---------- Data shown ----------

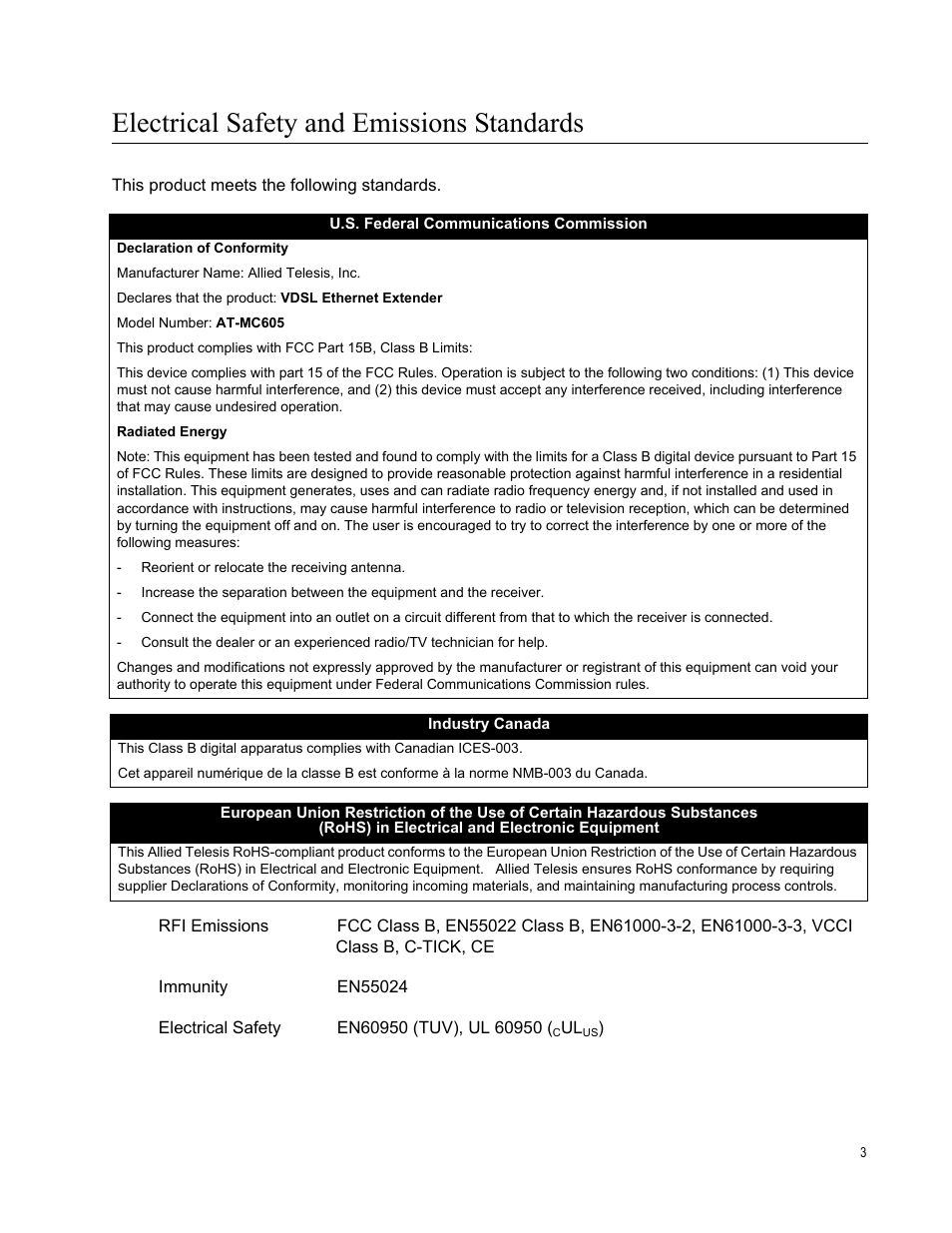 Electrical safety and emissions standards | Allied Telesis AT-MC605 User Manual | Page 3 / 48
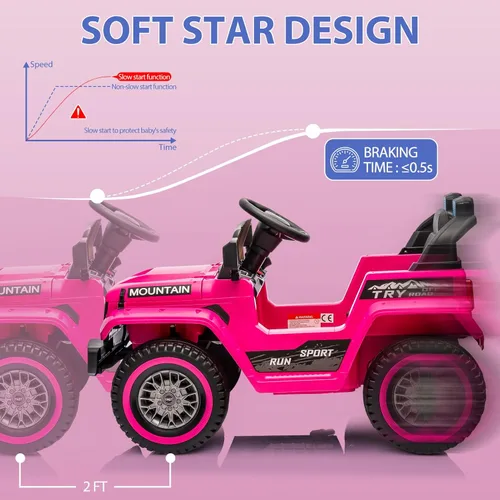 Miniatura 4 de Hetoy Camión de paseo para niños, auto eléctrico con batería de 12 V con control remoto para padres, suspensión de resorte, 3 velocidades, luces Rosa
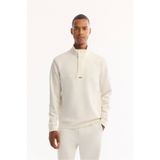Avva Erkek Ekru Dik Yaka Fermuarlı Pamuklu Bi-Stretch Regular Fit Sweatshirt A52Y1282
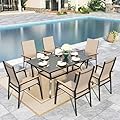 Sophia & William Patio Table and Chairs Set 7 Pieces, 6 Aluminium Patio Dining Chairs with 60" x 38" Metal Dining Table, Stackable and Easy to Move for Outdoor Garden Lawn (Beige)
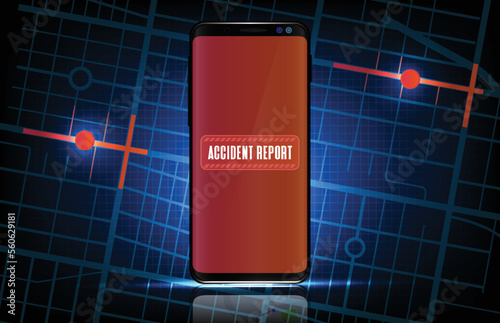 abstract background of futuristic accident report on mobile app and maps route road navigation location hud ui screen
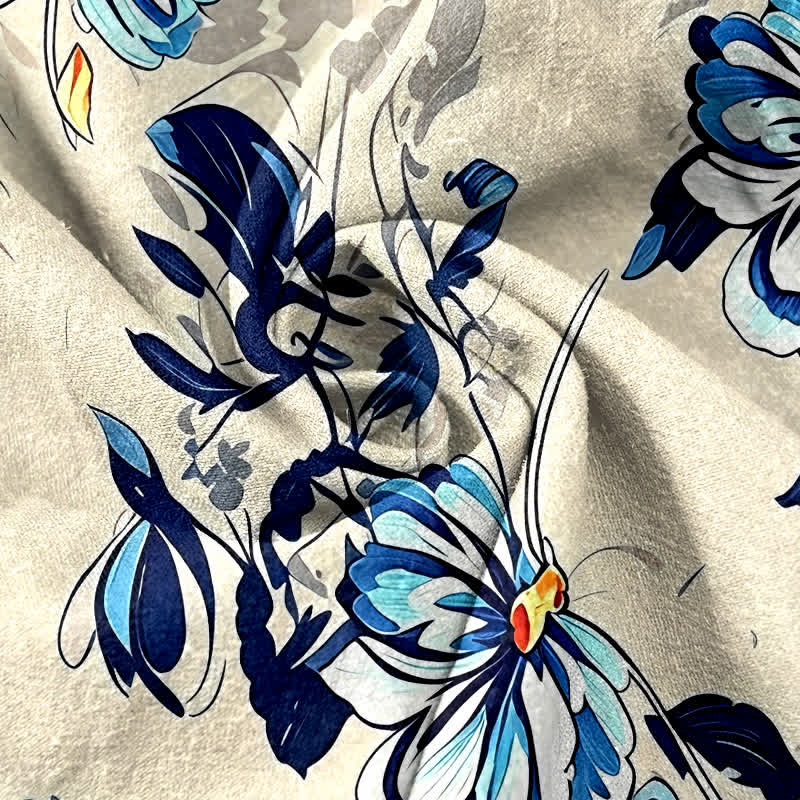 Nimara Ritual Pure Cotton Indigo Botanical Bloom Pattern Women's Elastic Waist Pants With Pockets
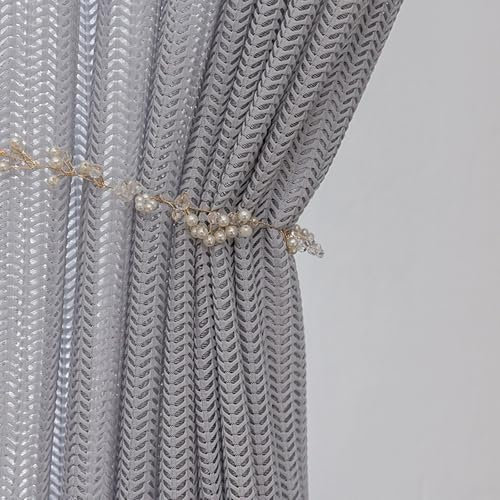 Aotiwe Vorhang Grau Außen, Vorhänge Küche Einfarbig mit Streifen Vorhang Outdoor XXL Polyester 2er Set 132 x 138cm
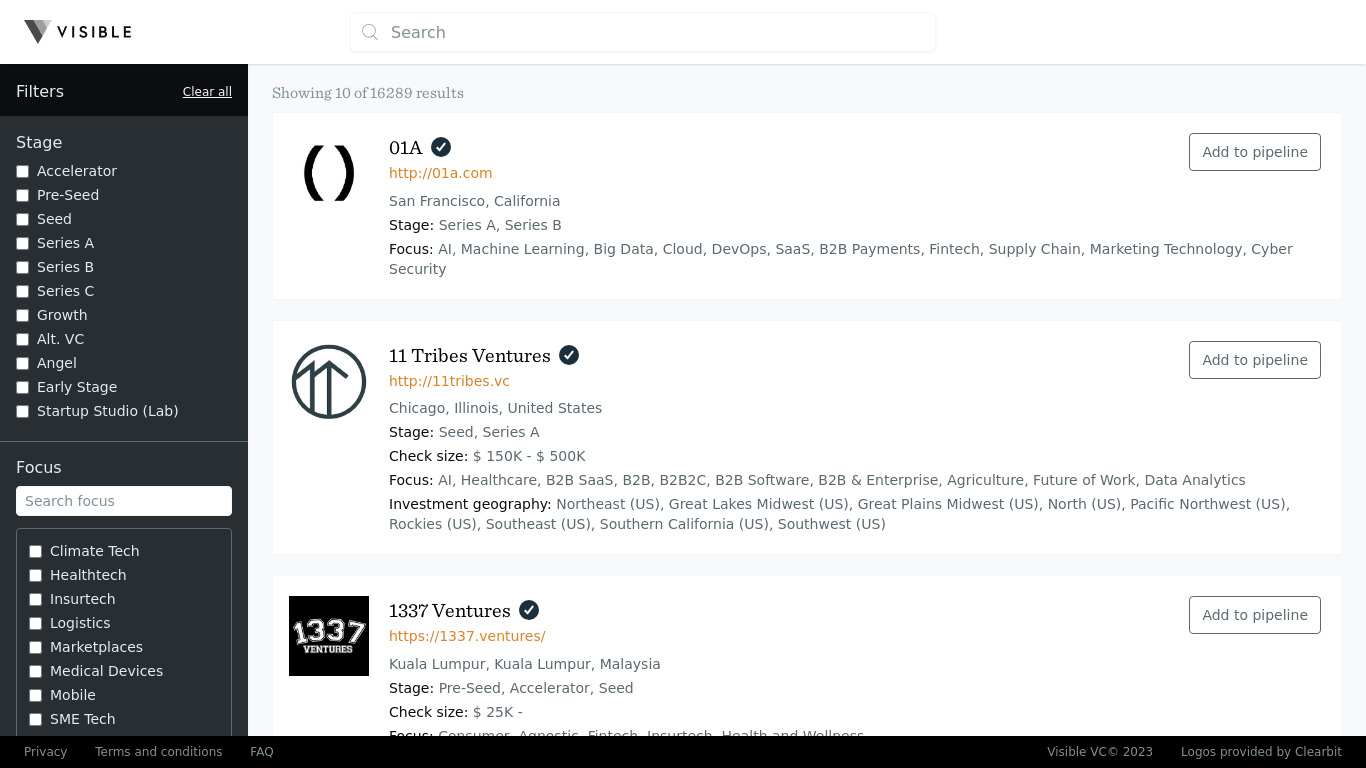 Visible Connect Landing page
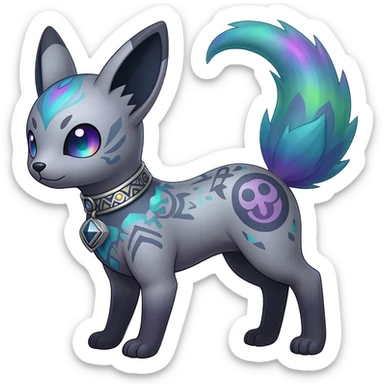 Rar iridescent silvery exotic cute epic aesthetic gothic colorful Salandit-Eevee-Civet-species-Fakemon-hybrid-creature, with a collar, and with intricate tribal markings, full body sticker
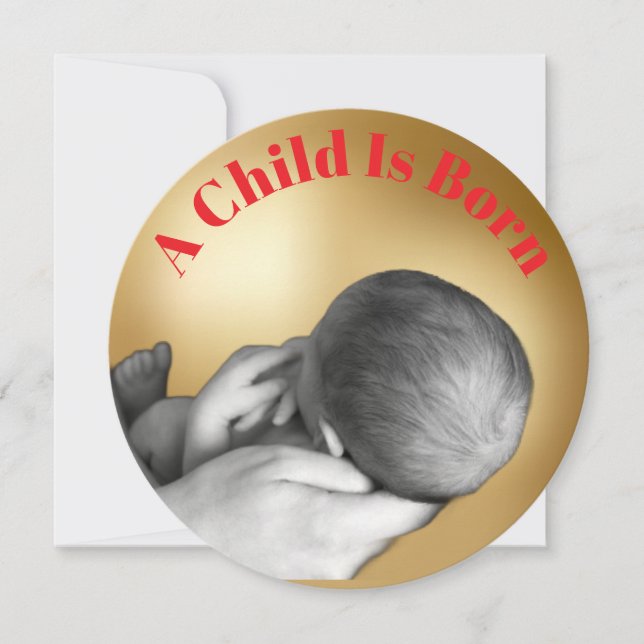 A Child Is Born Gold Holiday Card Julkort (Framsida)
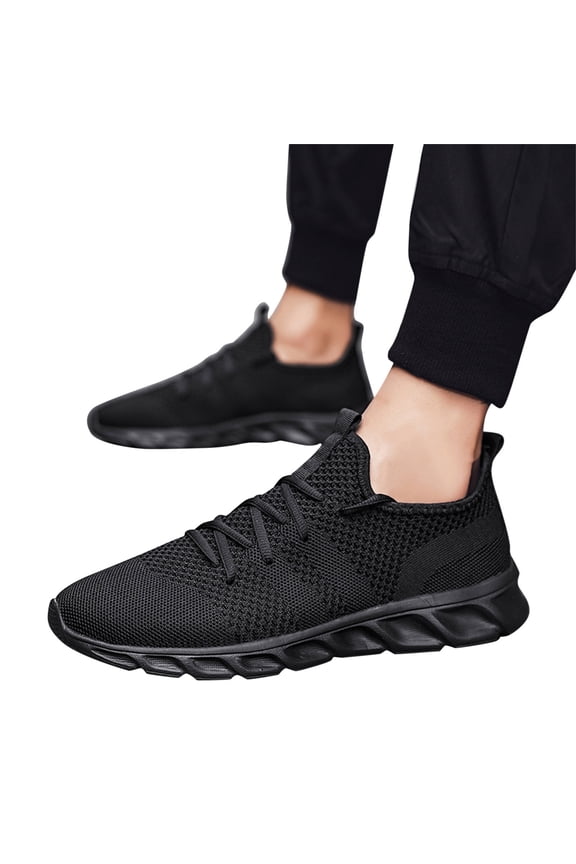 Running Shoes for Men Lace Up Breathable Sport Sneakers Memory Foam Casual Walking Shoes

----------

### What is expected:
Give back all the records as they stand, but with no pictures in the copy.

### Your solution:
 Electrical safety and emissions standards | Allied Telesis AT-MC605 User Manual | Page 3 / 48
 Miniatura 4 de Hetoy Camión de paseo para niños, auto eléctrico con batería de 12 V con control remoto para padres, suspensión de resorte, 3 velocidades, luces Rosa
Avva Erkek Ekru Dik Yaka Fermuarlı Pamuklu Bi-Stretch Regular Fit Sweatshirt A52Y1282
 Sophia & William Patio Table and Chairs Set 7 Pieces, 6 Aluminium Patio Dining Chairs with 60" x 38" Metal Dining Table, Stackable and Easy to Move for Outdoor Garden Lawn (Beige)
 abstract background of futuristic accident report on mobile app and maps route road navigation location hud ui screen
 Nimara Ritual Pure Cotton Indigo Botanical Bloom Pattern Women's Elastic Waist Pants With Pockets
 Aotiwe Vorhang Grau Außen, Vorhänge Küche Einfarbig mit Streifen Vorhang Outdoor XXL Polyester 2er Set 132 x 138cm
 Visible Connect Landing page
 Rar iridescent silvery exotic cute epic aesthetic gothic colorful Salandit-Eevee-Civet-species-Fakemon-hybrid-creature, with a collar, and with intricate tribal markings, full body sticker
 A Child Is Born Gold Holiday Card Julkort (Framsida)
 Running Shoes for Men Lace Up Breathable Sport Sneakers Memory Foam Casual Walking Shoes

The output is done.